Debbie: That sounds like a good approach. In most of the cases I've seen so far in my blog, the comments are pretty vague and insubstantial, not really lending themselves to furthering the discussion per se, but maybe I'll shift toward allowing (but redacting) them as my default.

Jacob: As you note, the system does get abused on those sites. What makes the system work at all on those sites is volume (plus various safeguards built into the system); if an eBay seller has only one point of feedback, and it's a five-star rating that says "THIS GUY IS THE BEST EVER!!!! TOTALLY AWESOME!!!! AND REALLY STUDLY, TOO!!! YOU SHOULD TOTALLY GO OUT WITH HIM!!!", that doesn't make me think "Huh, I guess I should buy stuff from him, and maybe go out with him too." Instead, I tend to think "Huh, I guess he thinks he can fool people by giving himself feedback." This happens with Amazon all the time -- there'll be an unknown book by an unknown author, from a vanity press, that has five anonymous rave reviews that all say essentially the same thing, and everyone who looks at the page says "Oh, I see the author has posted a bunch of fake reviews of their own work."

So, yeah, if I get a hundred notes vouching for person A, and they don't appear to have the same agenda as the original posting from person A, and they give the strong appearance (under careful scrutiny) of actually being from different people, then I might be a little more likely to believe that person A is for real. Then again, as you noted, feedback systems get abused despite all their safeguards, so I'd still be reluctant to put a whole lot of weight on those hundred notes.

I should add that this is only an issue (in the case of comments on my blog) when person A has behaved in a spammy way in the first place. If person A has posted an interesting and/or substantive and/or funny contribution to the conversation, and didn't link to some irrelevant commercial site, then I pretty much don't care whether they're the same person as some other persona that's also posting comments.


Plus -- do you know who's who? I mean, for example, I tend to post here as Jacob, but there's a post above from a different Jacob. Perhaps you don't know that Jacob, but you might have assumed it was me, and given credence to whatever they posted since I've posted here before many times (and you know me in, as they say, Real Life). Or do you see more identifying info at your end (such as IP address, or the fact that I've signed in through Typekey)?


[There was a piece of comment spam here that consisted simply of a spam URL. I'm removing that, but leaving this here as a placeholder so as not to spoil V.'s subsequent joke.]


Boy, I'm tempted to post here as Nbkvqyb now, but I suppose I shouldn't.

Thanks,
-V.


Jacob: Yeah, good point--I noticed that the other Jacob's email address wasn't the same as yours, but other readers might well not have known that.

V: :) But just as well that you didn't; I've now added any name starting with "Nbkvq" to my comment-spam filter, so all such comments will henceforth be automatically junked.

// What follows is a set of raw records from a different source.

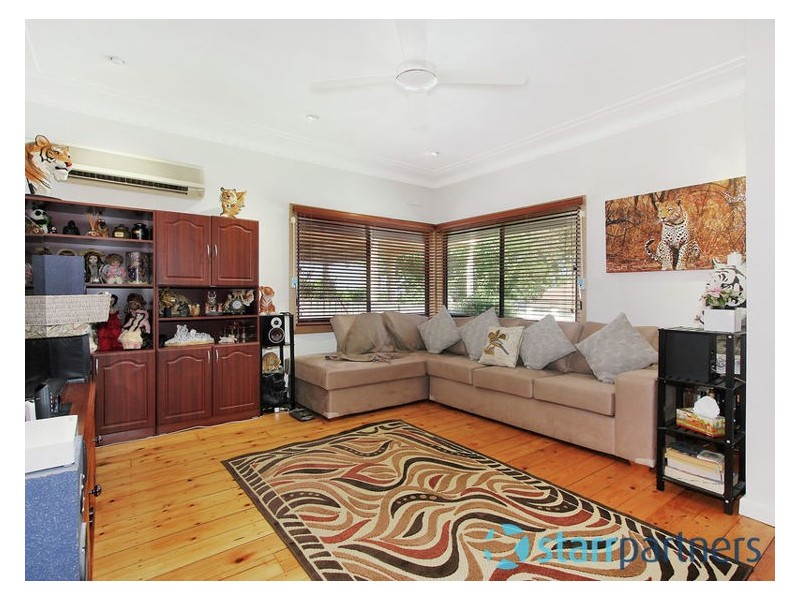 22 Byron Road, Guildford NSW 2161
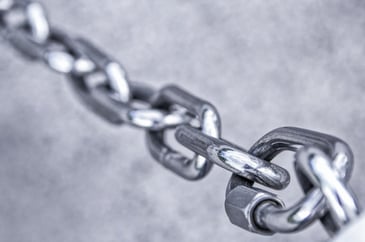 Green Steel Revolution: Cleaner, Stronger, Smarter
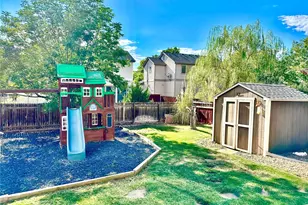 5224 Snow Goose St, Brighton, CO 80601 - Photo 21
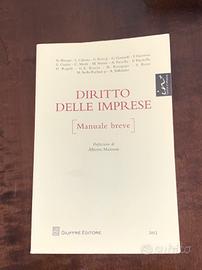 Diritto
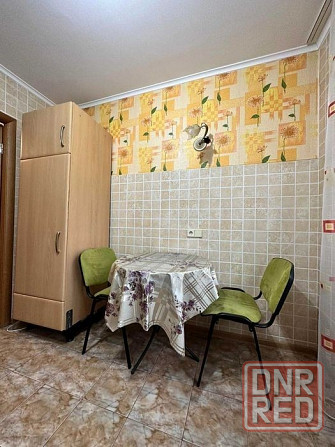 Сдаётся 1-ая квартира в Буденновском районе Донецк - изображение 2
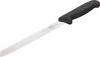 Victorinox V-5.25 33.21 Victorinox Brotmesser 21 cm Náhľad obrázku produktu 5
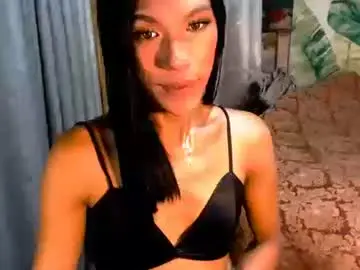 Chaturbate Private Sex Chat of angeldark_satisfactionxxx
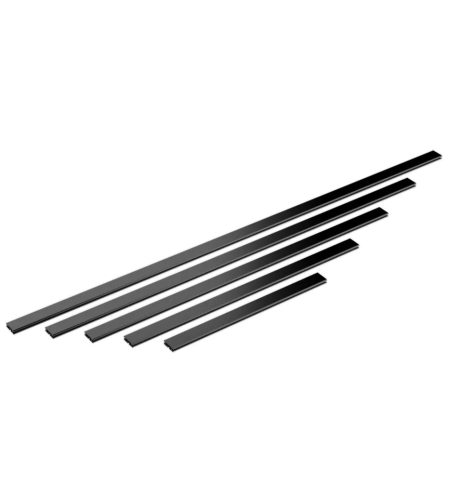 מסילת תלייה לתאורת הידרה 120 ס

Funny thing: in the few days since I posted this entry, the amount of (obviously machine-generated) comment spam that's been getting through my comment-spam filter has gone through the roof. Several dozen such comments a day. Fortunately, almost all of those comments go to moderation for various reasons (mostly because they're posted to entries older than a couple weeks old), so they never appear publicly (for example, there were a bunch more Nbkvq comments on other entries, but those others went to moderation); still, annoying. And although I'm ever-grateful for Movable Type's spam filter, unfortunately it doesn't learn automatically; I have to figure out what each new wave of spam has in common, and manually add stuff to the filter. Not terribly onerous or time-consuming, but adds a little to the annoyance of the spam.